Esto le valió al entonces presidente, Juan Manuel Santos, el Premio Novel de la Paz por “poner fin a la guerra civil más larga del mundo”.
Pero la calma posterior duró poco.
Como las autoridades no cumplieron el acuerdo ni asumieron el control de los territorios que en su día controlaron los rebeldes de las FARC, varias mafias se enfrentaron para ocupar su lugar. Y la sangre volvió a derramarse.
Cuando Petro asumió la presidencia, el gobierno reinició las conversaciones de paz con la última guerrilla que quedaba en el país, el Ejército de Liberación Nacional (ELN), que libraba una resistencia política armada desde 1964. El mes pasado, el ELN y Colombia iniciaron un alto el fuego de seis meses como parte del proceso hacia una paz más duradera.
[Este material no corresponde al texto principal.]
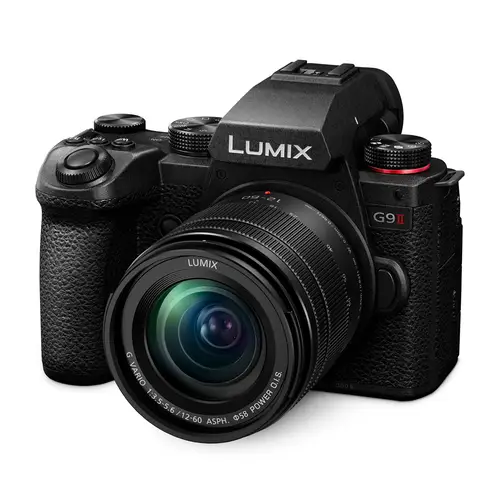 Panasonic Lumix DC-G9 II+G 3,5-5,6/12-60 mm ASPH Power OIS schwarz, Kamerakit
Su pasado populista podría ayudarle en estas cuestiones: Petro fue miembro del desaparecido grupo guerrillero urbano M-19, que se desmovilizó y formó un partido de izquierdas en la década de 1990, su puerta de entrada a la política. Pero algunos creen que su papel en el grupo rebelde, las acusaciones de supuestos vínculos con el narcotráfico y otros escándalos son obstáculos para conseguir la adhesión del gobierno, históricamente conservador.
Pese a esto, su mensaje ha llegado a grupos armados menos políticos y más interesados en el tráfico de drogas y en otros negocios ilícitos. Durante un año, Los Shottas y Los Espartanos han mantenido diálogos auspiciados por la Iglesia católica y el gobierno y han pactado treguas intermitentes.
El delegado de Los Shottas que habló con la AP dijo que sus líderes están abiertos a la paz. No indicó si estarían dispuestos a abandonar todas sus actividades ilegales, solo que reducirían las extorsiones, los saqueos y los enfrentamientos.
“Buenaventura ya está cansado de tanta violencia (...) está cansado de derramar tanta sangre”, aseguró.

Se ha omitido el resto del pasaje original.